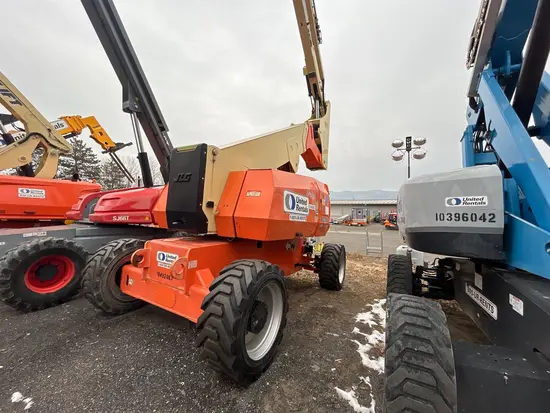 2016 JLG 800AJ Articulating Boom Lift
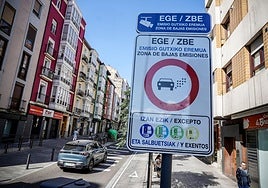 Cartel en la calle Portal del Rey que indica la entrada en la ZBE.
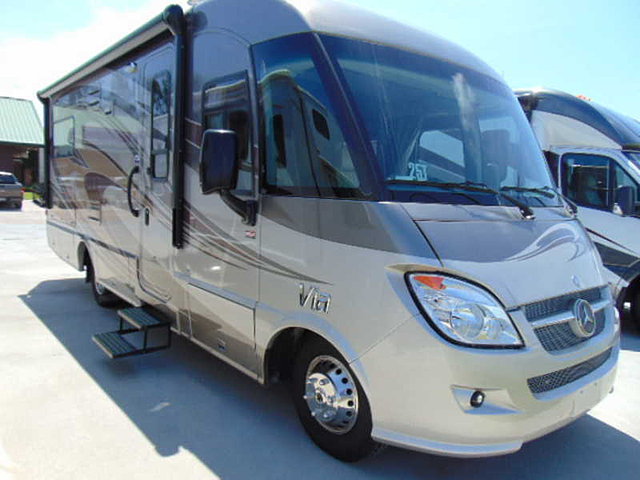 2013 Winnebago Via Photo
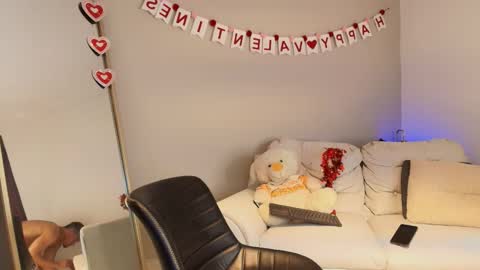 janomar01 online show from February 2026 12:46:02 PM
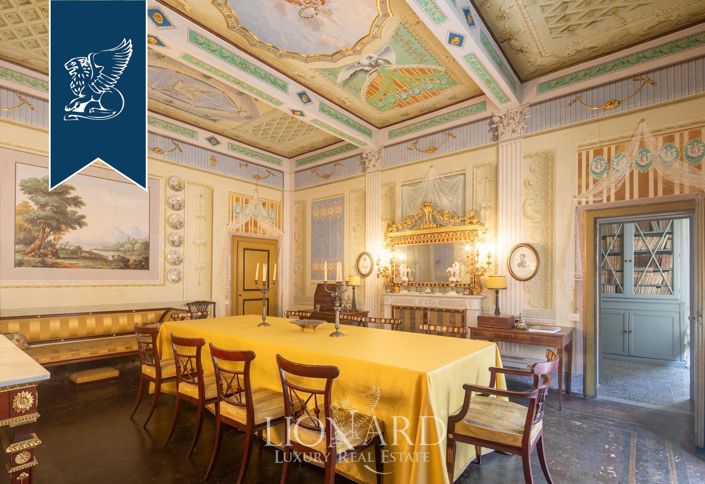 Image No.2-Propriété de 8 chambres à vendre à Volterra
════════
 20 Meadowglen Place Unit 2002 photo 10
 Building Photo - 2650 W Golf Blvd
════════
- Task goal:
Output exactly the stretch of the listing that begins at the line containing "2013 Winnebago Via Photo" and ends at the line containing "Image No.2-Propriété de", both kept. Omit pictures and everything else.

- Task output:
 2013 Winnebago Via Photo
 janomar01 online show from February 2026 12:46:02 PM
 Image No.2-Propriété de 8 chambres à vendre à Volterra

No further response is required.